Doubt this pic will help, bike isn't nearby to take close-ups, I'm on vacation. Be home tomorrow can take specific pics if you still need them.


----------



## mickeyc (Jun 15, 2016)

I have a good pair of Spaceliner fenders if you are in need.

Mike


----------



## bairdco (Jun 15, 2016)

Thanks, but I got some good ones, just haven't got around to putting them on yet.
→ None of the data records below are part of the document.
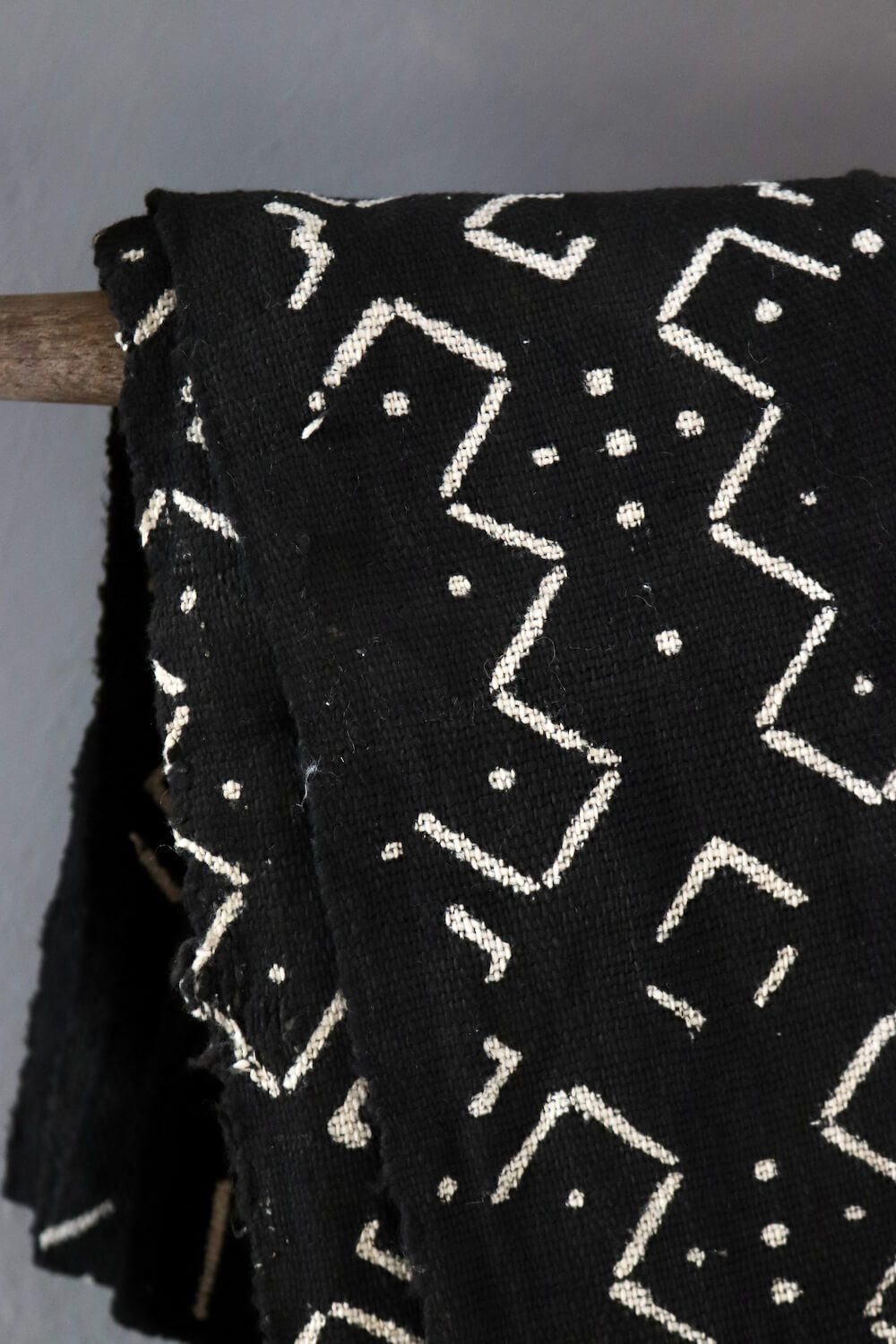 Baumwollplaid mit Muster aus Afrika 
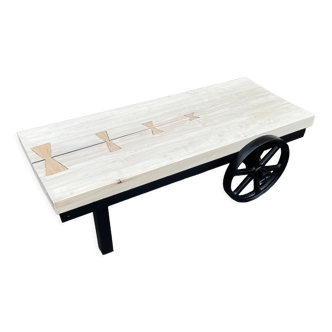 Table basse chariot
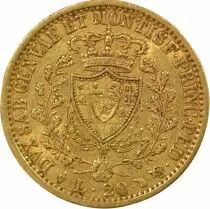 Sardinia Charles Felix - 20 Gold Lire - 1827 L Turin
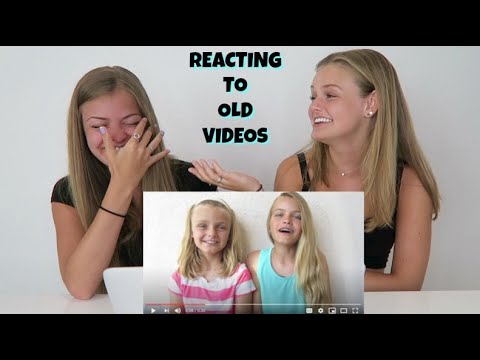 Reacting to Our Old Videos ~ Jacy and Kacy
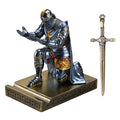 HDMbigmi King's Guard Knight Pen Holder Phone Stand Statue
The bike's not complete, so I'm building a custom for a custom-er.


----------



## bairdco (Jun 16, 2016)

Still looking for a pic. C'mon, I know there's a million spaceliners out there...


----------



## rideahiggins (Jun 17, 2016)

Look here.
http://www.ebay.com/itm/JC-Higgins-...D&orig_cvip=true&rt=nc&_trksid=p2047675.l2557


----------



## bairdco (Jun 17, 2016)

So it just mounts solid to the underside of the steer tube. Ok. Guess it doesn't move much with the springer.


----------



## JMack (Aug 2, 2016)

mickeyc said:


> I have a good pair of Spaceliner fenders if you are in need.
> 
> Mike



COULD USE SPACELINER FENDERS, STILL HAVE THEM? THANKS, J.


----------



## mickeyc (Aug 2, 2016)

PM sent.

Mike


----------



## MaxGlide (Aug 7, 2016)

The fender moves with the frame and springer. make sure you put the bolts back together properly, with washers and everything or the springer will not flex properly.


----------



## Barry Carlisle (Sep 8, 2016)

The springer fender has a slot in it. If yours doesn't it will not fit right.


----------



## bairdco (Sep 8, 2016)

Thanks guys, i worked it out and bike's been sold.


----------